My transition from practising law to a political life happened very quickly. I got called to the Bar and I was running for political office at the same time. It was just something that came along, when someone I knew who was an MP said, ‘Look, we thought maybe you’d be a good candidate.’ I was engaged at the time and Arlene said, ‘Sure, let’s try. Why not?’ When I got into it, I realised it was an important part of my vocation.
‘We have to engage outwardly as well as inwardly’
The hardest thing about what I do is when there are situations with a level of poverty, a level of deprivation that has led to an absence of hope. I find that very, very difficult. You feel, ‘Well, what can I usefully do?’ I think hope is about having a vision for what can be and the steps you have to take to get there. But you also have to accept that in many situations, people won’t come to you or won’t accept your advice or what you’re trying to offer. These days, I worry about a political trend towards isolationism and nationalism. We have to engage outwardly as well as inwardly. I grew up in a household that was very committed globally, and I think that’s very important.

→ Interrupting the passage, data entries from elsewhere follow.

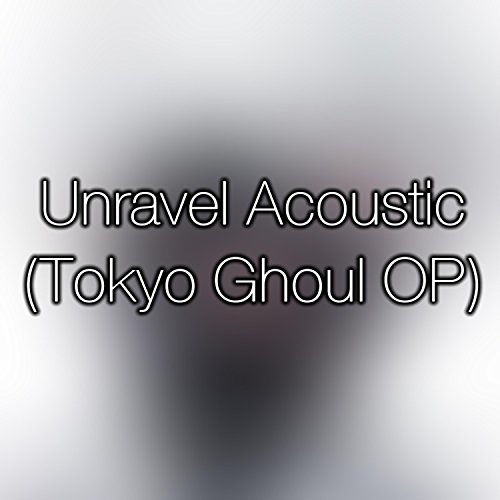 tokyo ghoul unravel acoustic download mp3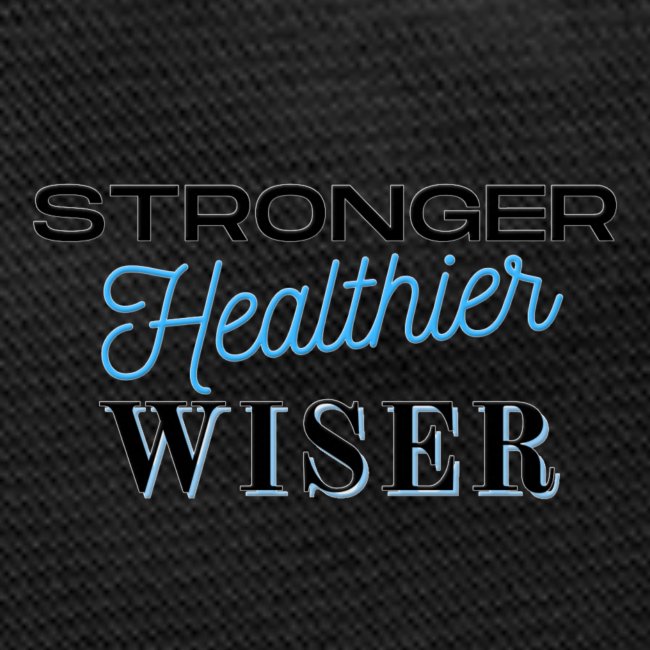 Stronger Healthier Wiser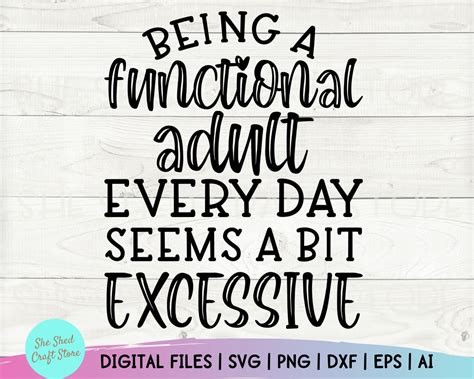 Being A Functional Adult Svg - Sarcastic Svg - Funny Mom Svg - So Fontsy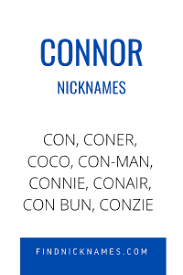 Search for an exact phrase by surrounding it with double quotes. 40 Creative Nicknames For Connor Find Nicknames
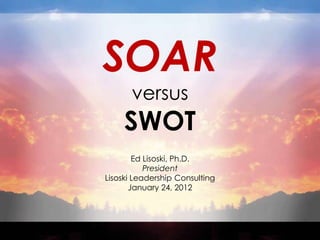 SOAR
       versus
     SWOT
        Ed Lisoski, Ph.D.
           President
Lisoski Leadership Consulting
       January 24, 2012
 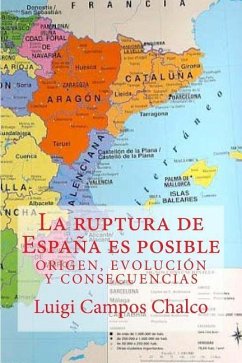 La ruptura de Espana es posible: Origen, Evolucion y Consecuencias - Campos Chalco, Luigi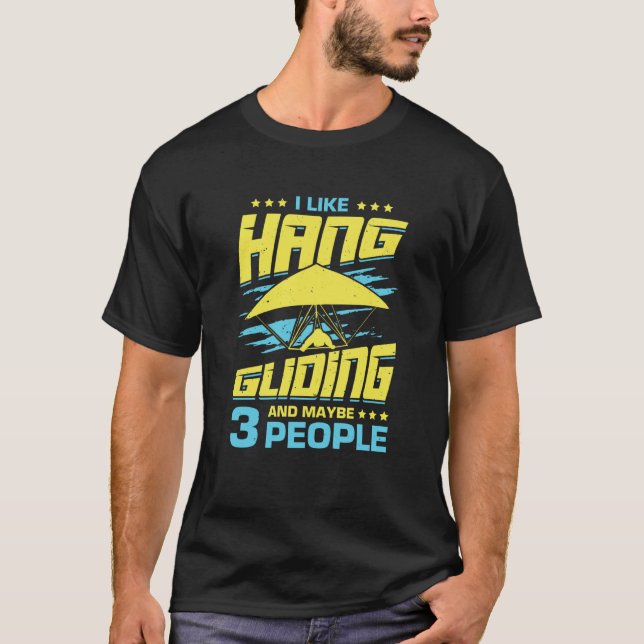 I Like Hang Gliding And Maybe 3 People T Shirt (Framsida)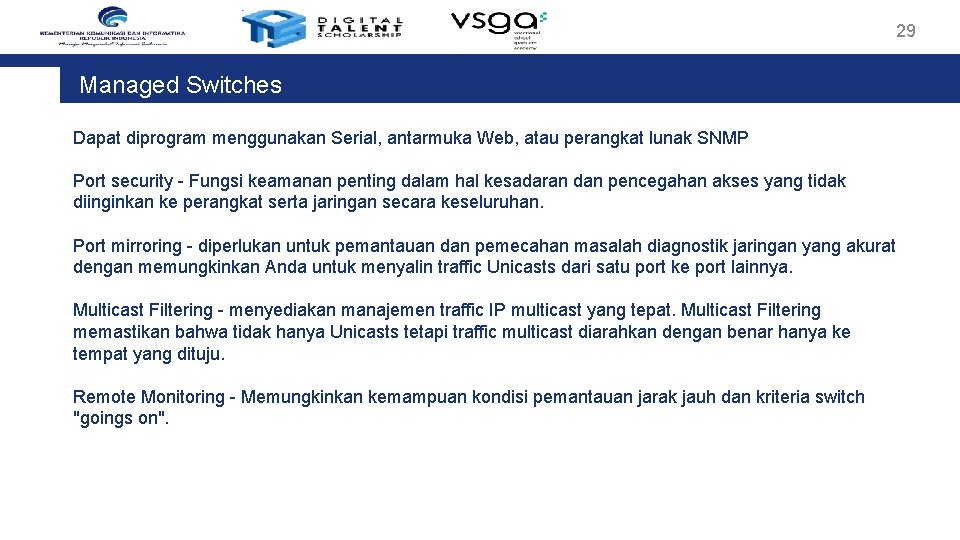 29 Managed Switches Dapat diprogram menggunakan Serial, antarmuka Web, atau perangkat lunak SNMP Port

In terms of advice to others, the only thing I’d say is that whenever you’re faced with a defeat, rather than blame other people or blame the world in some way, it’s always useful to look back and ask yourself the question, ‘What could I have done differently? What could I have changed in my own behaviour?’ At Oxford, I realised had a neurosis that was preventing me from being productive, and that’s something you have to work on. Now, I’m actually quite a happy person, and I’m careful to talk to people about mental health, the warning signs and how you deal with them. I had a hard time, but there are ways of learning how to get better, if you become more aware.